Richard said in his experience, financial planners relied on “reputable research houses” to conduct detailed due diligence on the ASF prior to any consideration.

“Therefore, if a financial planner requires a product to have a minimum “recommended” rating by the research house before it makes it on an approved list, combined with all the many expected checks and balances by all other industry participants which relate to a financial product, I find it difficult to lay much blame on a financial planner when a product fails,” he said.

Richard also used his second submission to clarify his opinion in regards to self-managed superannuation funds (SMSF).

“Financial planners were not at fault for recommending their clients to invest through an SMSF,” he said.

“I was simply making the point that in my opinion, SMSF clients did not have any material advantage compared to the other investors who received compensation from the government scheme.”

Richard’s clarification comes a week after he released potentially damning claims against Australia’s financial planning and superannuation industry.

He has not made any clarification over his comments regarding superannuation funds.

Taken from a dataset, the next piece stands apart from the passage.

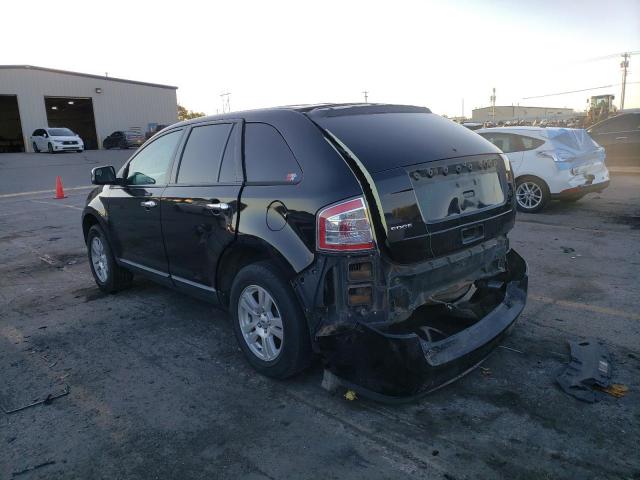 Photo 3 from auction – 2010 FORD EDGE SE with VIN 2FMDK3GC7ABB64709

Last week, Richard filed a submission to the PJC that alleged that a large number of financial planners who invested their clients in one of Trio’s fund, ASF, doubled their clients’ exposure by using margin facilities.

“I am aware of some SMSF [self-managed superannuation fund] investors who, on the advice of their financial planner, not only invested in the ASF but also used margin facilities to invest into the ASF, doubling their exposure,” he said.

“In relation to the ASF, I strongly believe that 95 per cent of all investors had one thing in common; they were all 100 per cent reliant on the advice of their financial planner to invest their superannuation monies into the ASF.”

Richard also claimed that the Australian Prudential Regulation Authority guidelines on superannuation liquidity requirements within the funds management industry are not scrutinised enough and that many funds do not meet the minimum requirements.

Trio collapsed in late 2009, resulting in the loss of more than $100 million in investor funds.